Efficiently get first N numbers that satisfy a condition in each row in a pytorch tensor

tczj · May 13, 2022, 6:00pm

Given a tensor b, and I would like to extract N elements in each row that satisfy a specific condition. For example, suppose a is a matrix that indicates whether an element in b satisfy the condition or not. Now, I would like to extract N elements in each row whose corresponding value in a is 1.

And there can be two scenarios. (1) I just extract the first N elements in each row in order. (2) among all the elements that satisfy the condition, I randomly sample N elements in each row.

Is there an efficient way to achieve these two cases in pytorch? Using a for loop will be very slow when b has many rows. Thanks!

Below I give an example that shows the first case.

import torch
# given
a = torch.tensor([[1, 0, 0, 1, 1, 1], [0, 1, 0, 1, 1, 1], [1,1,1,1,1,0]])
b = torch.arange(18).view(3,6)

# suppose N=3
# output:
c = torch.tensor([[0, 3,4],[7,9,10], [12,13,14]])

Matias_Vasquez · May 13, 2022, 8:38pm

This can be a way to do what you want.

However, you need to take into account that you will NOT notice if a row from a has less than N.

In this example I have put a fourth row with only two 1's, but you still get 3 values.

a = torch.tensor([[1, 0, 0, 1, 1, 1], [0, 1, 0, 1, 1, 1], [1,1,1,1,1,0], [1,0,0,1,0,0]])
b = torch.arange(24).view(4,6)

N = 3

mode = 1

if mode == 1:
    # Choose in order from left to right
    idx = a * torch.arange(start=a.shape[1]+1, end=1, step=-1)
if mode == 2:
    # Choose randomly
    idx = a * torch.randint(low=1, high=a.shape[1]+1, size=(a.size()))

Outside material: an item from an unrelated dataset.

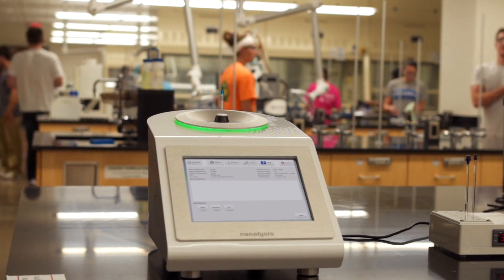Prior to having the benchtop NMRs, we had to provide pre-printed spectra to all of our students, and that really wasn't a good measure of them being able to see what they had actually made in the laboratory. So having the benchtop NMR allows them to get a spectrum of their actual product.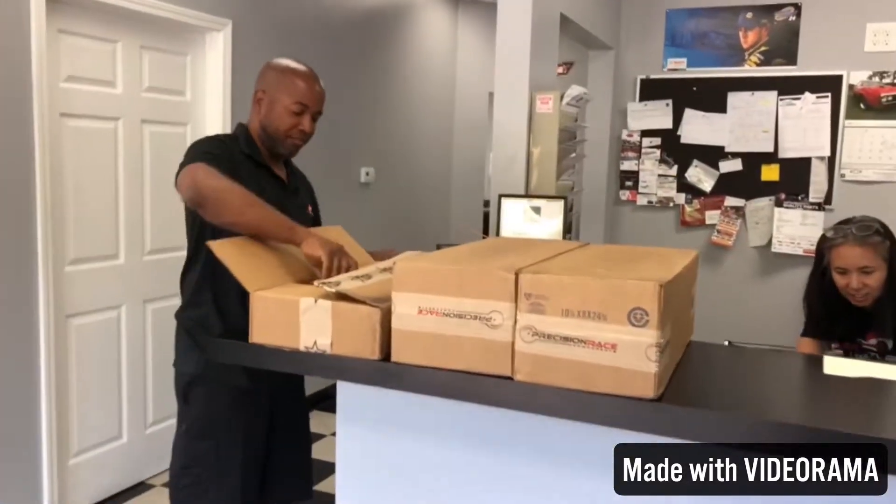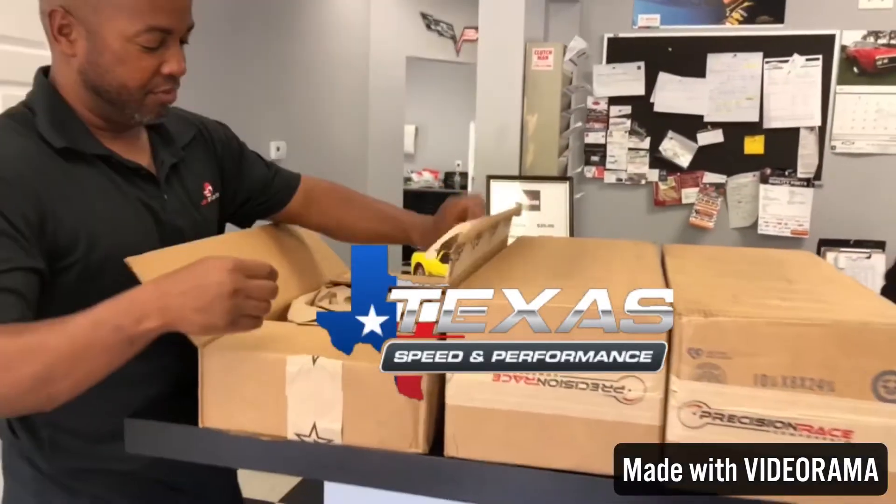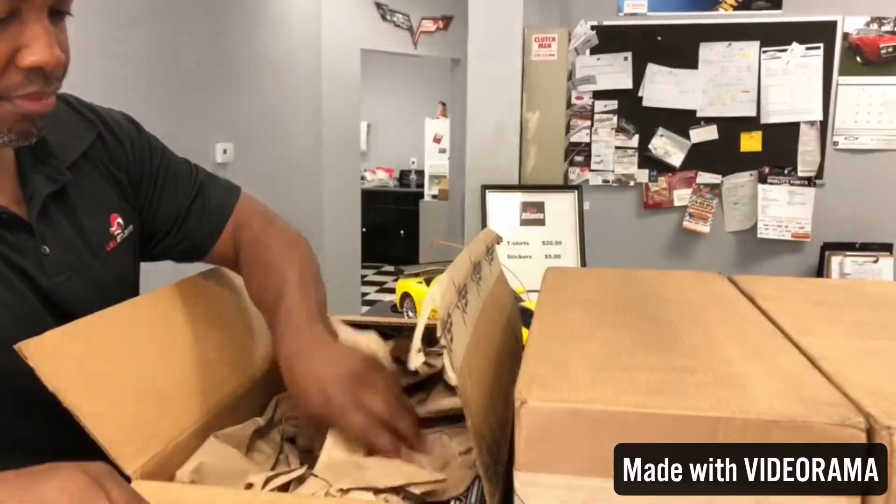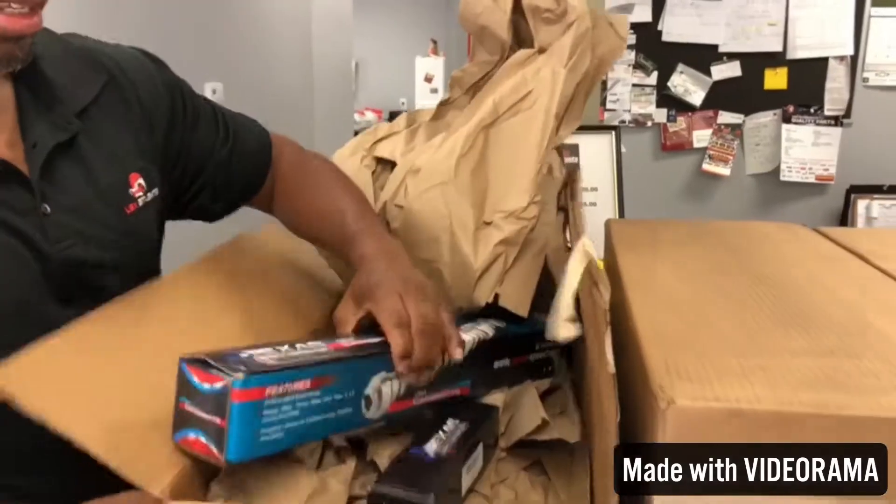We got some goodies from Texas Speed, and one box is missing but they say it's on the truck. This is for a Trailblazer SS.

_, ind = torch.topk(input=idx, k=N, dim=1)
c = b[torch.arange(b.shape[0]), ind.T].T

print(c)

# Output:
tensor([[ 0,  3,  4],
        [ 7,  9, 10],
        [12, 13, 14],
        [18, 21, 22]]) # ← Here are actually only two True values in the mask.

If you are sure that you will always have at least N values, then it should be no problem.
Else, you can a.sum(dim=1) to see how many values you can trust from this new matrix.

tczj · May 14, 2022, 4:11am

Thanks! this works well!